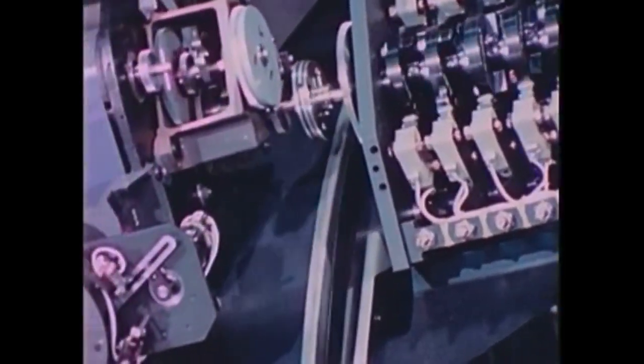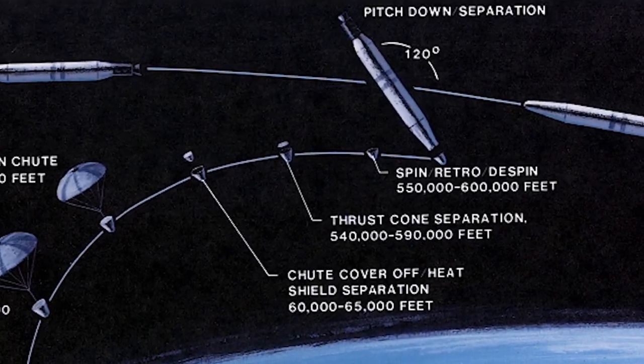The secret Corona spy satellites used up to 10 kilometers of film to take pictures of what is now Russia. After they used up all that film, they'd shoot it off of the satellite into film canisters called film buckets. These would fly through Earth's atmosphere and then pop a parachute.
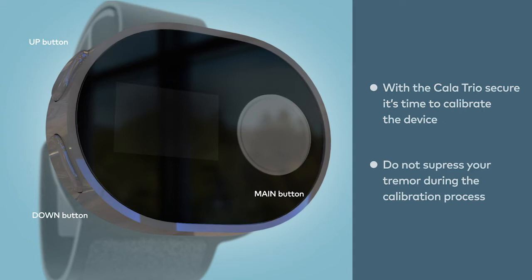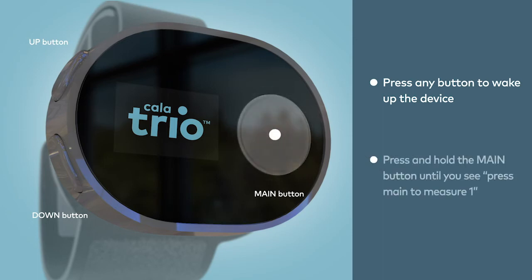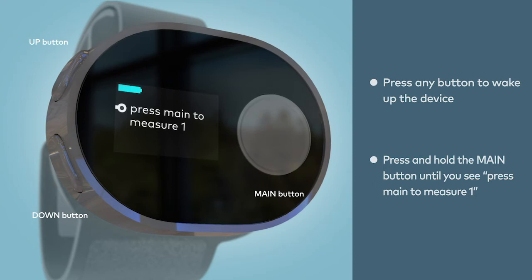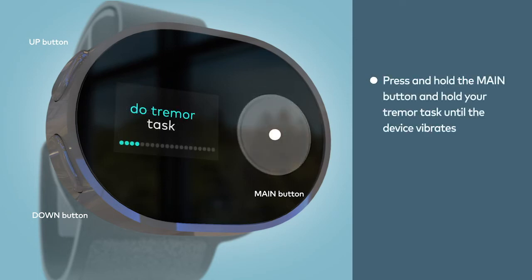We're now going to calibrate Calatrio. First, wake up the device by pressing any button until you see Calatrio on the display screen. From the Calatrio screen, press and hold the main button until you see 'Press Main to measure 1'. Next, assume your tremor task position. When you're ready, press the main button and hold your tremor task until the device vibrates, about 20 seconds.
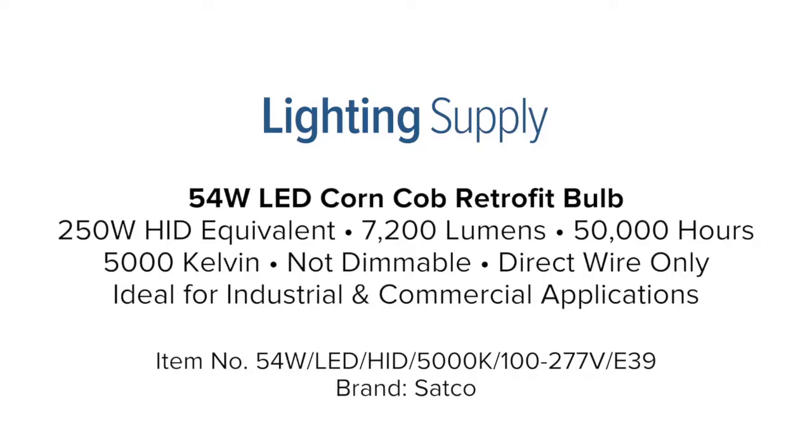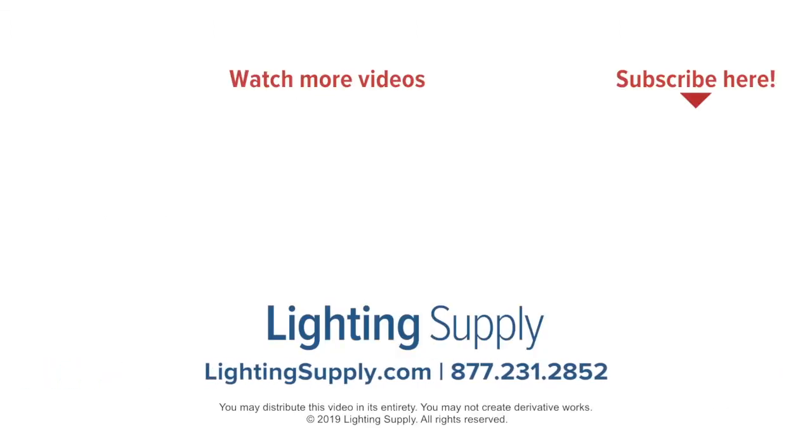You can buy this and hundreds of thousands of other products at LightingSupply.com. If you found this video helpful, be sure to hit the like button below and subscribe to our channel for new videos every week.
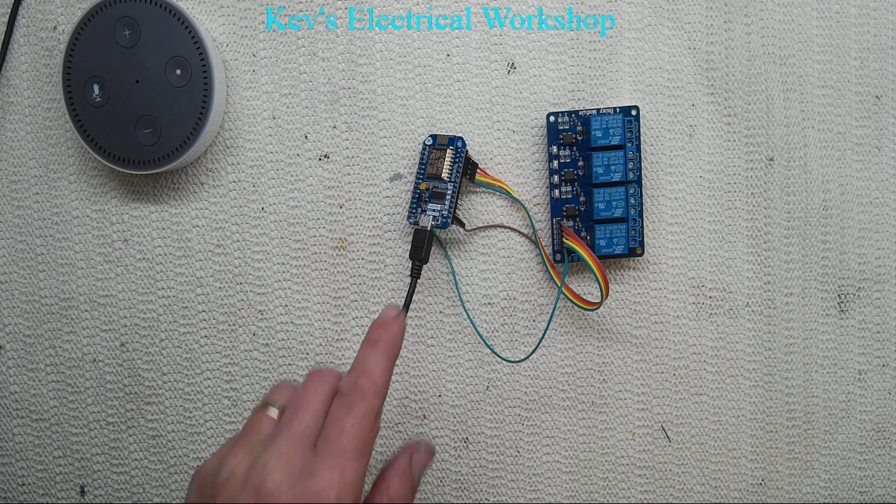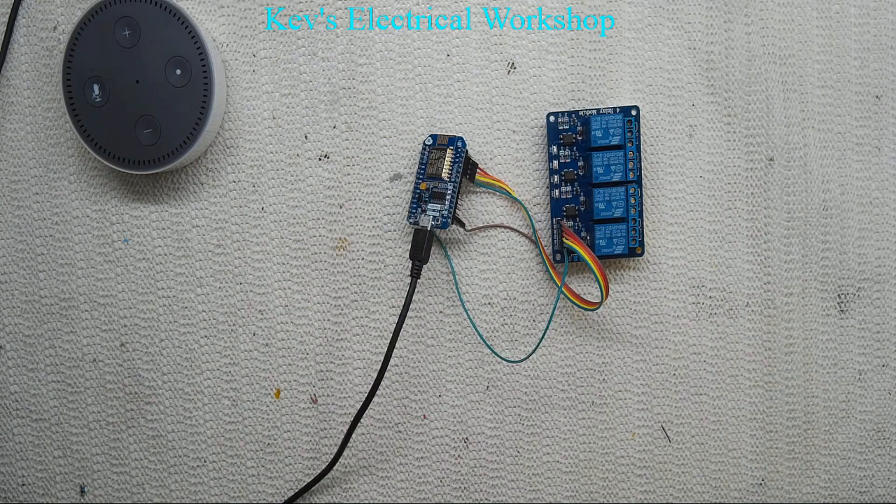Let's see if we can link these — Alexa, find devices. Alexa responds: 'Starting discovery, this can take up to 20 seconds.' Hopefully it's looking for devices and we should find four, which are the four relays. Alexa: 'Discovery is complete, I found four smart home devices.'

● ● ●

* [What to work on]: Give back the data verbatim. The pictures are not part of the copy.

* [Result]:
The secret Corona spy satellites used up to 10 kilometers of film to take pictures of what is now Russia. After they used up all that film, they'd shoot it off of the satellite into film canisters called film buckets. These would fly through Earth's atmosphere and then pop a parachute.
We're now going to calibrate Calatrio. First, wake up the device by pressing any button until you see Calatrio on the display screen. From the Calatrio screen, press and hold the main button until you see 'Press Main to measure 1'. Next, assume your tremor task position. When you're ready, press the main button and hold your tremor task until the device vibrates, about 20 seconds.
You can buy this and hundreds of thousands of other products at LightingSupply.com. If you found this video helpful, be sure to hit the like button below and subscribe to our channel for new videos every week.
Let's see if we can link these — Alexa, find devices. Alexa responds: 'Starting discovery, this can take up to 20 seconds.' Hopefully it's looking for devices and we should find four, which are the four relays. Alexa: 'Discovery is complete, I found four smart home devices.'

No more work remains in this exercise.